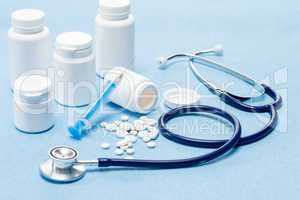 Medical supplies with spilled pills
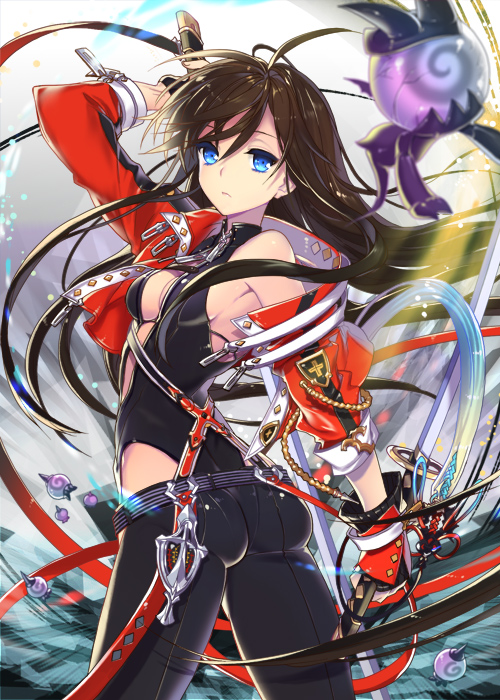 ahoge arm_up armpits bare_shoulders behind_back belt black_hair blue_eyes breasts cleavage dual_wielding empew hips holding holding_sword holding_weapon long_hair looking_at_viewer off_shoulder original sideboob small_breasts softmax solo standing sword weapon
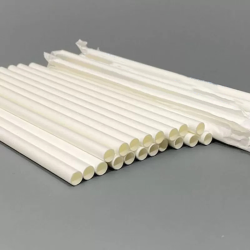Wrapped White Paper Straws 195mm x 6mm - GreenFeel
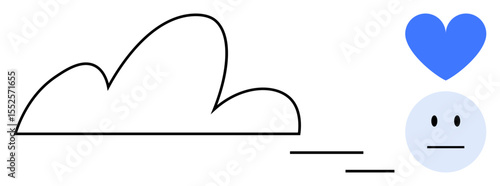 Cloud with simple lines, neutral face below blue heart. Ideal for emotions, mindfulness, meditation, minimalism, tranquility, self-care, support themes simple landing page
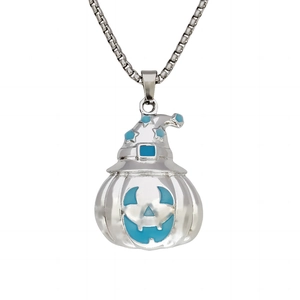 Luminous Halloween pumpkin pendant necklace with wizard hat and blue enamel accents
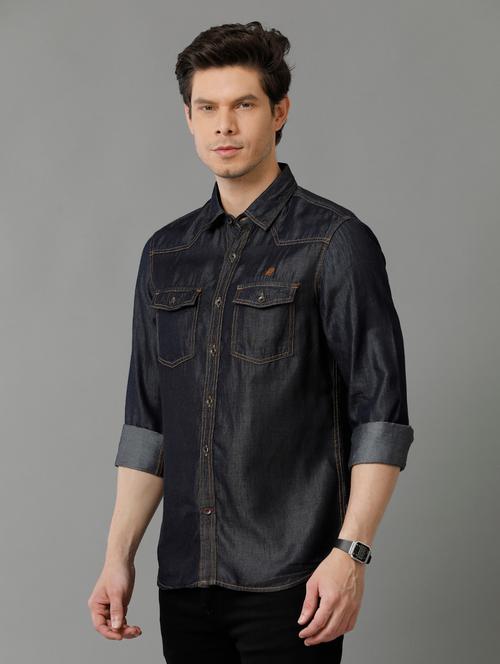 black cotton casual shirt - 20374703 - Very Small Image - 1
■ ■ ■ ■
Your task is to copy word for word the lines from the line containing "Wrapped White Paper" to the end of the listing, both included, and to drop any pictures.

Wrapped White Paper Straws 195mm x 6mm - GreenFeel
 Cloud with simple lines, neutral face below blue heart. Ideal for emotions, mindfulness, meditation, minimalism, tranquility, self-care, support themes simple landing page
 Luminous Halloween pumpkin pendant necklace with wizard hat and blue enamel accents
 black cotton casual shirt - 20374703 - Very Small Image - 1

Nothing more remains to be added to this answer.